YOUR INSTRUCTIONS: Leave out the pictures, then output the lines of the records below from the first through the one containing "VetriScience Coenzyme Q10, dosage".

───── RECORDED INFORMATION

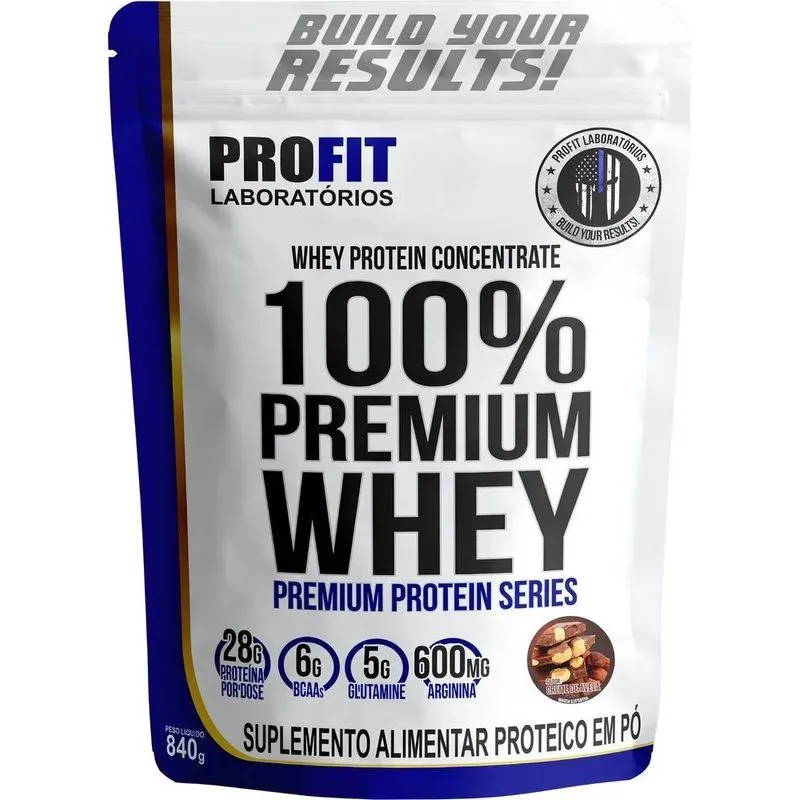 10x Whey Protein 100% Concentrado Premium 840g Profit Sabor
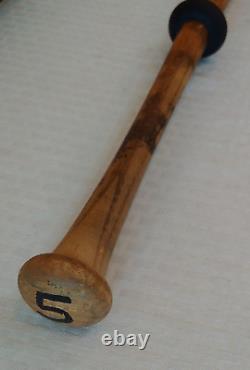 Vintage GAME USED Wooden MLB Baseball Bat Rawlings GENE SCHALL Phillies 34-35'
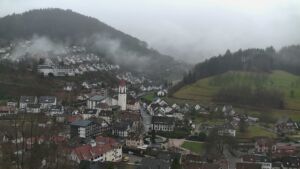 Dieses Bild zeigt eine Webcam-Aufnahme von Ottenhöfen, aufgenommen am Dienstag, den 24.02.2026 um 16:30 Uhr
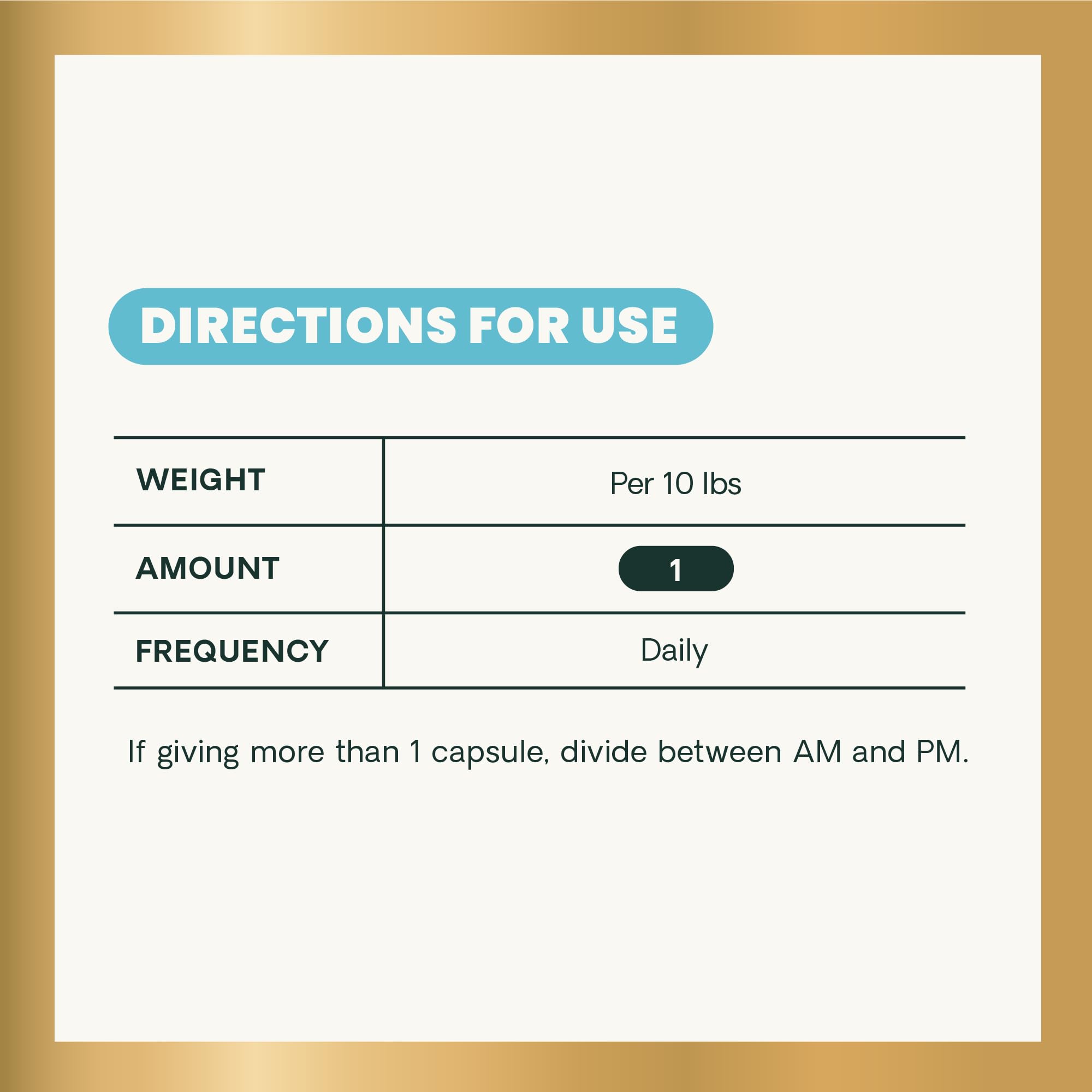 VetriScience Coenzyme Q10, dosage quotidien simple pour chiens et chats.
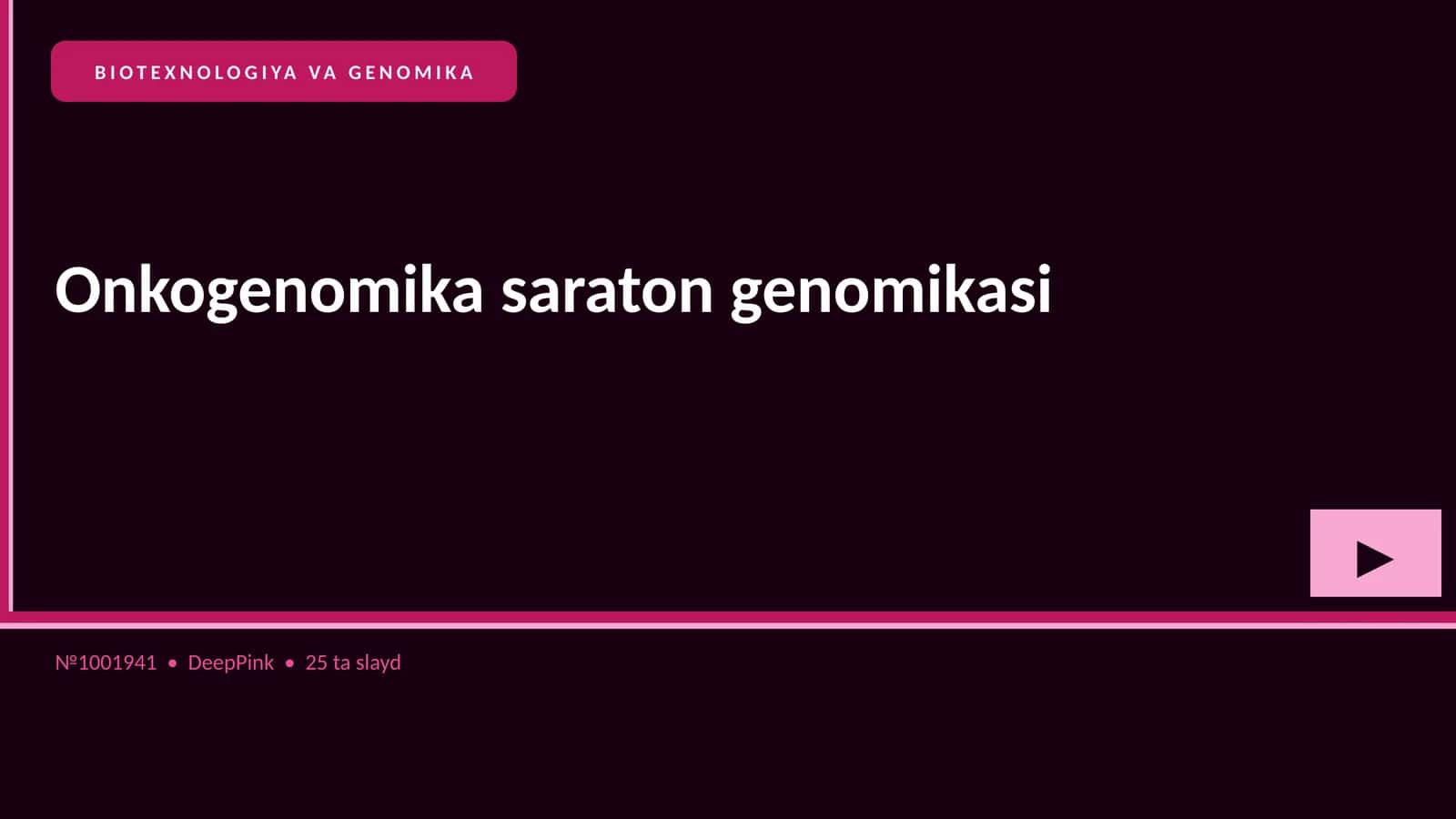 Onkogenomika saraton genomikasi 1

──────────

EXPECTED ANSWER:
 10x Whey Protein 100% Concentrado Premium 840g Profit Sabor
 Vintage GAME USED Wooden MLB Baseball Bat Rawlings GENE SCHALL Phillies 34-35'
 Dieses Bild zeigt eine Webcam-Aufnahme von Ottenhöfen, aufgenommen am Dienstag, den 24.02.2026 um 16:30 Uhr
 VetriScience Coenzyme Q10, dosage quotidien simple pour chiens et chats.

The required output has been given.